Gue juga melalui sebuah persimpangan yang besar, nyaris seperti sebuah bunderan, dengan sebuah bangunan kuno bergaya art-deco berdiri anggun di salah satu sudutnya. Bangunan ini saat ini difungsikan sebagai sebuah gedung instansi perbankan.
Sampai akhirnya, gue pun masuk ke wilayah Jl. Asia-Afrika. Gue suka banget dengan jalan ini, mungkin jalan yang paling gue sukai di Bandung. Jalan Asia-Afrika ini mulus, bersih, diapit dengan trotoarnya yang lebar. Gedung-gedung perkantoran yang modern berdiri bersanding gedung-gedung masa kolonial yang masih tampak anggun di tengah perkembangan jaman. Buat kalian pecinta arsitektur, atau para fotografer lanskap, this is the perfect place for you in Bandung! Hasrat seni dan fotografi kalian akan terpuaskan! Beberapa bangunan klasik di sini adalah: Hotel Grand Preanger, Hotel Savoy Homann, Gedung OCBC NISP, Gedung Merdeka, Museum Konferensi Asia-Afrika, dan teman-temannya. Gue sampai bingung mau ambil foto yang mana.
Oh ya, baru-baru ini gue dapat informasi, ternyata Bandung adalah kota dengan bangunan art-deco terbanyak ke-9 di dunia. Nggak heran, karena emang banyak bangunan art-deco sih di sini. Ada di sepanjang kawasan Asia-Afrika, Braga, dan Balai Kota. Mungkin di bagian lain juga ada, seperti di simpang Jl. Ir. H. Juanda – Jl. Sultan Agung, di mana berdiri Gedung Tiga Warna (De DrieKleur) yang sekarang difungsikan menjadi gedung instansi perbankan. Mayoritas terspesialisasi pada gaya modern streamlined atau Nieuw Bowen.

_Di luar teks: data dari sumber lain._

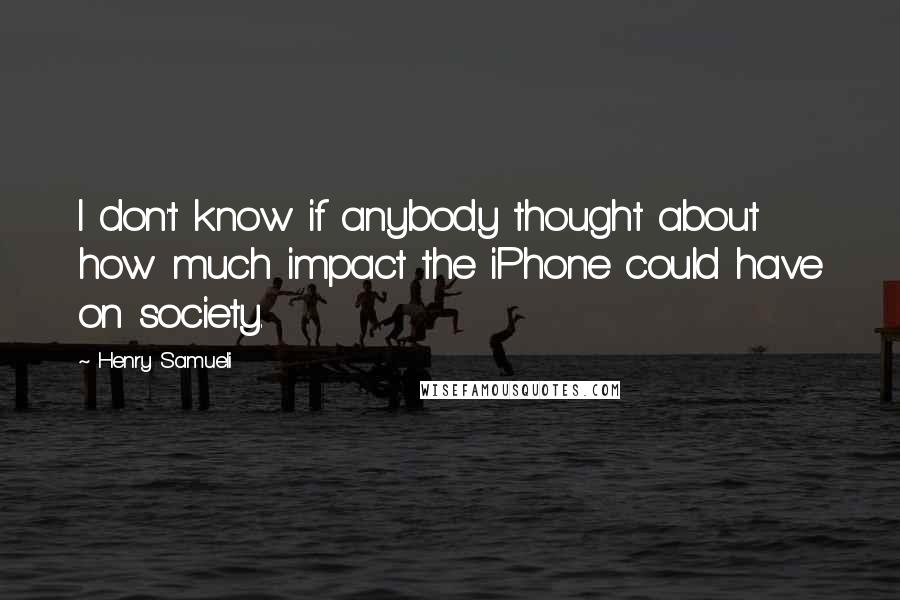 Henry Samueli Quotes: I don't know if anybody thought about how much impact the iPhone could have on society.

Finally, sampailah gue di belakang Masjid Raya Bandung. Masuk ke dalam, gue sempet bingung (lagi) gimana caranya bisa masuk dan naik ke puncak menara. Selama beberapa menit gue berjalan mengelilingi masjid, mengacuhkan kerumunan orang yang bersantai-santai di pelataran masjid. Gue balik lagi ke titik semula, dan baru gue ngeh ada pos masuk ke menara di situ. Hadeh, mata gue ini emang kurang jeli sih -_____-
Karena menara berada di dalam gedung masjid, maka pengunjung diharuskan melepas alas kakinya. Bisa dititipkan, atau bisa juga dibawa naik ke atas menggunakan tas kresek. Ada penjual tas kresek di area masjid dengan harga “seikhlasnya”, serius. Gue kasih seceng ajalah, segitu udah lebih dari cukup kayaknya. Tiket masuk untuk dewasa adalah Rp 3.000,00 dan hanya buka sampai pukul 17.00 pada hari Sabtu dan Minggu. Hari biasa hanya melayani rombongan. Jadi kalau lo pengen naik ke menara masjid pada hari Jumat tapi lo sendirian nggak ada temen, ajak aja tuh pedagang-pedagang di sekitar, kali aja mau #pffft
Tadinya, gue mengira gue harus berjalan menaiki ratusan anak tangga untuk bisa sampai ke puncak menara. Ternyata ada lift, jiahahahaha. Duh, katrok banget gueee. Di dalam lift ada seorang petugas yang siap membantu pengunjung naik ke deck view di lantai 19, lalu juga melayani pengunjung yang ingin turun. Teruuusss kayak gitu, udah kayak masinis kereta komuter yang kudu bolak-balik seharian kayak pacaran anak SMA #eh.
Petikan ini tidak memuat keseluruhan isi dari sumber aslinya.